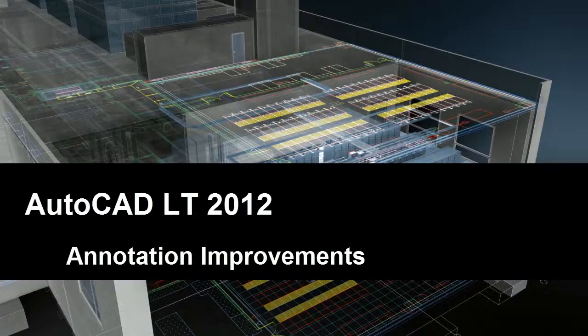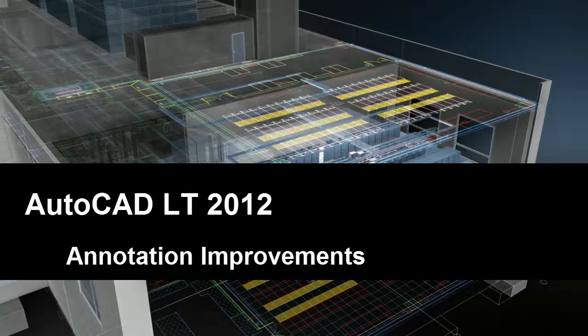Most of the annotation improvements in AutoCAD LT 2012 fall into the small but significant category. They're not very complicated, but they can have a big effect on your workflow.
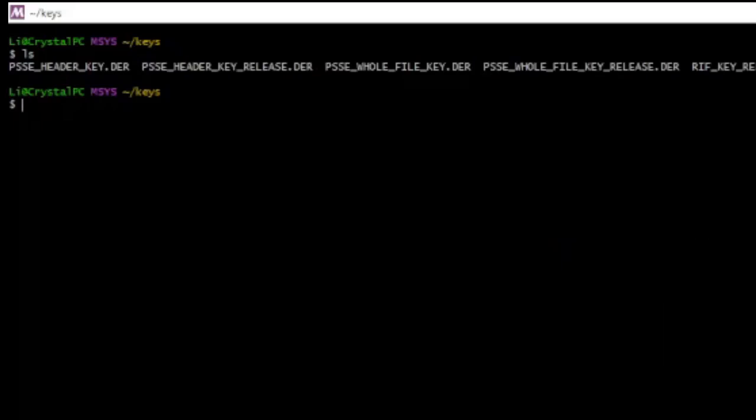Okay, so I have here all of the RSA keys used for PlayStation Mobile.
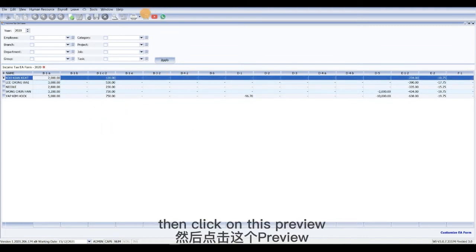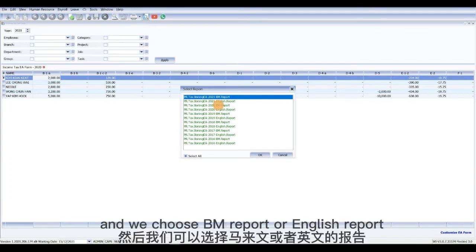Then click on this preview and we choose BME report or English report.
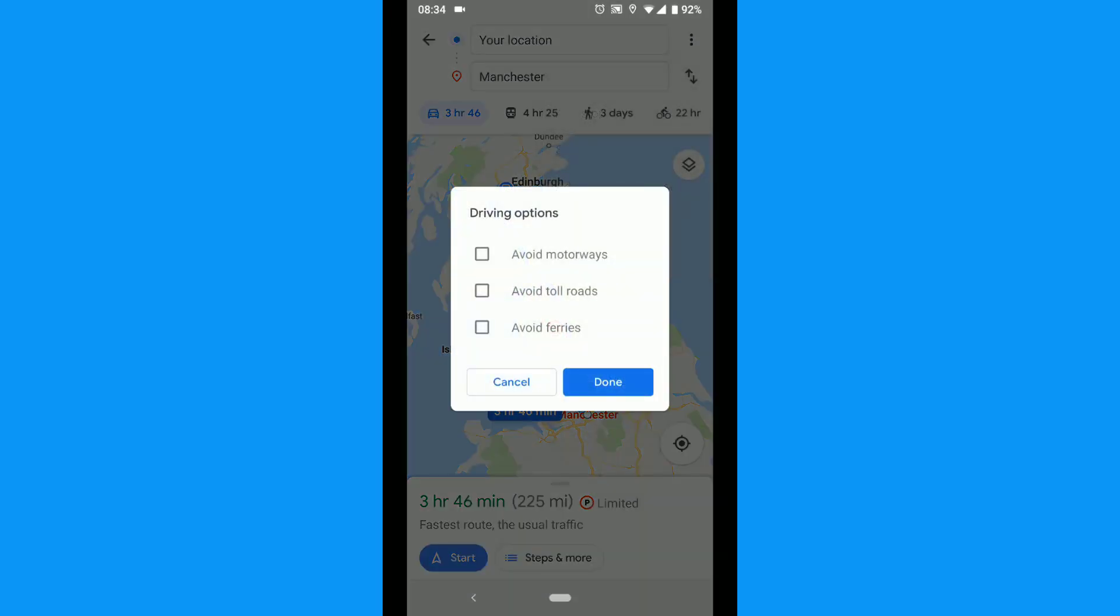There are three options. You can easily avoid tolls, highways, or ferries. Tap the boxes you want.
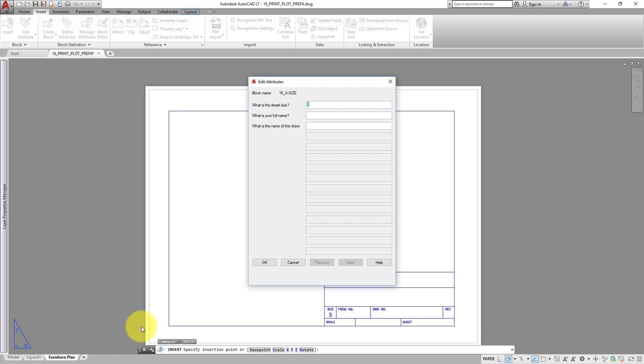Since this particular title block drawing includes attributes, the program displays the Edit Attributes dialog, so that you can fill in the title block information. Once you have finished entering the sheet size, which is A, your name, and the name of the drawing, Furniture Plan, click OK.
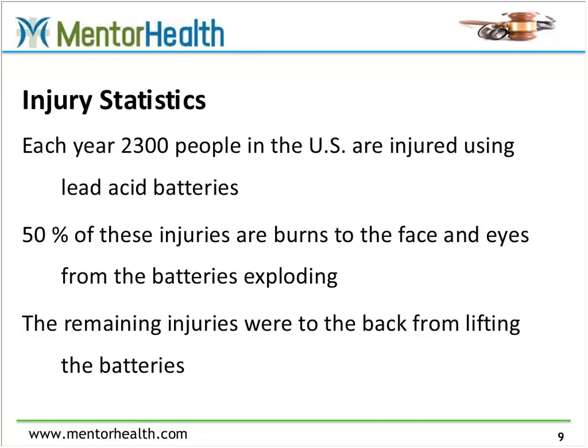Now, statistics on injuries. When you do injury and illness reporting in a lot of places, people look for slips, trips, and falls — but I don't think people are generally aware of injuries associated with working with lead-acid batteries. Every year in the United States, according to the U.S. Department of Labor, about 2,300 people are injured using lead-acid batteries. Half of those injuries are burns to the face and eyes because the batteries have exploded. The rest are due to injuries from lifting the batteries, usually to the back, neck, or upper arm. So it's about a 50-50 split — and to me, the explosion one is the scariest.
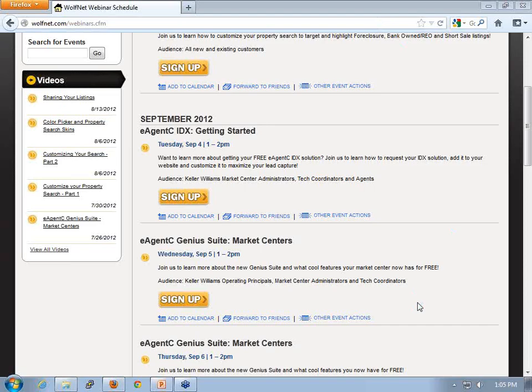Thank you for attending our webinar today. Before we get started, I just want to note a couple of different webinars coming up in the future. On Tuesday, September 4th, we have our eAgency IDX Getting Started, which is specifically geared for Keller Williams Market Center administrators, tech coordinators, and agents. It will go through how to request your IDX solution and also add it to your website and customize it.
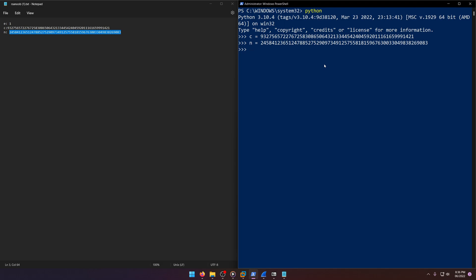So let's just say we have P equals 1 and Q equals actually, no, they have to be prime numbers. So we can't do equals one. Let's do P equals two. And let's do Q equals three for simplicity's sake, right?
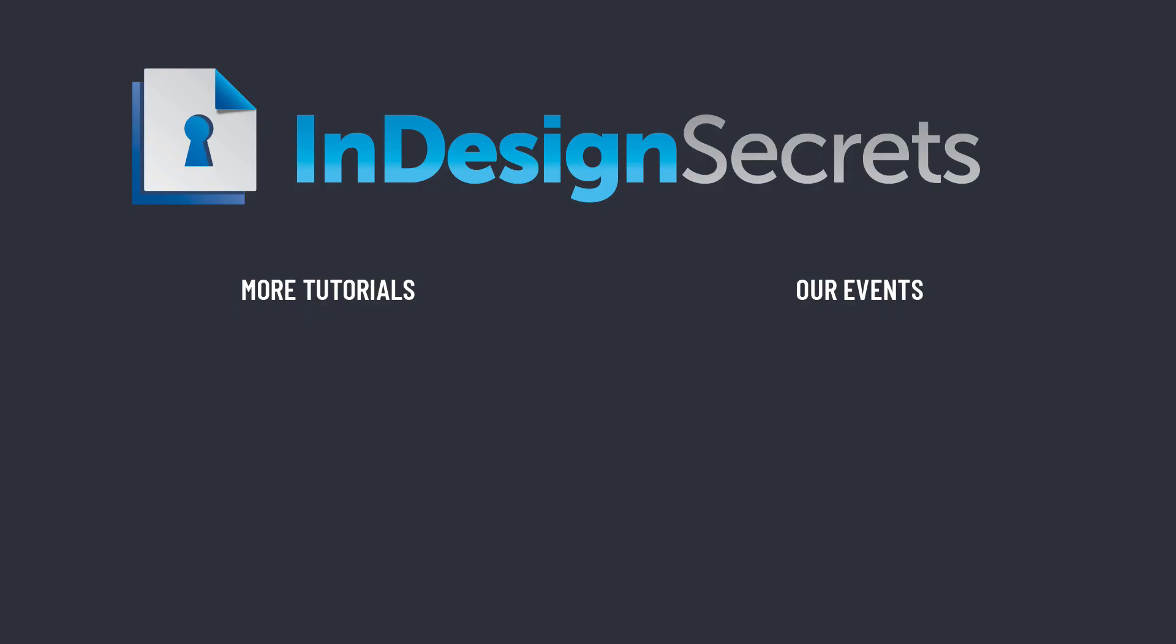Thanks for watching this video. And if you want lots more tips like this, be sure to check out InDesignSecrets.com and subscribe to InDesign Magazine.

····················

## What is being asked:
Give back all the records as they stand, but with no pictures in the copy.

## Worked solution:
Most of the annotation improvements in AutoCAD LT 2012 fall into the small but significant category. They're not very complicated, but they can have a big effect on your workflow.
Okay, so I have here all of the RSA keys used for PlayStation Mobile.
Then click on this preview and we choose BME report or English report.
There are three options. You can easily avoid tolls, highways, or ferries. Tap the boxes you want.
Since this particular title block drawing includes attributes, the program displays the Edit Attributes dialog, so that you can fill in the title block information. Once you have finished entering the sheet size, which is A, your name, and the name of the drawing, Furniture Plan, click OK.
Now, statistics on injuries. When you do injury and illness reporting in a lot of places, people look for slips, trips, and falls — but I don't think people are generally aware of injuries associated with working with lead-acid batteries. Every year in the United States, according to the U.S. Department of Labor, about 2,300 people are injured using lead-acid batteries. Half of those injuries are burns to the face and eyes because the batteries have exploded. The rest are due to injuries from lifting the batteries, usually to the back, neck, or upper arm. So it's about a 50-50 split — and to me, the explosion one is the scariest.
Thank you for attending our webinar today. Before we get started, I just want to note a couple of different webinars coming up in the future. On Tuesday, September 4th, we have our eAgency IDX Getting Started, which is specifically geared for Keller Williams Market Center administrators, tech coordinators, and agents. It will go through how to request your IDX solution and also add it to your website and customize it.
So let's just say we have P equals 1 and Q equals actually, no, they have to be prime numbers. So we can't do equals one. Let's do P equals two. And let's do Q equals three for simplicity's sake, right?
Thanks for watching this video. And if you want lots more tips like this, be sure to check out InDesignSecrets.com and subscribe to InDesign Magazine.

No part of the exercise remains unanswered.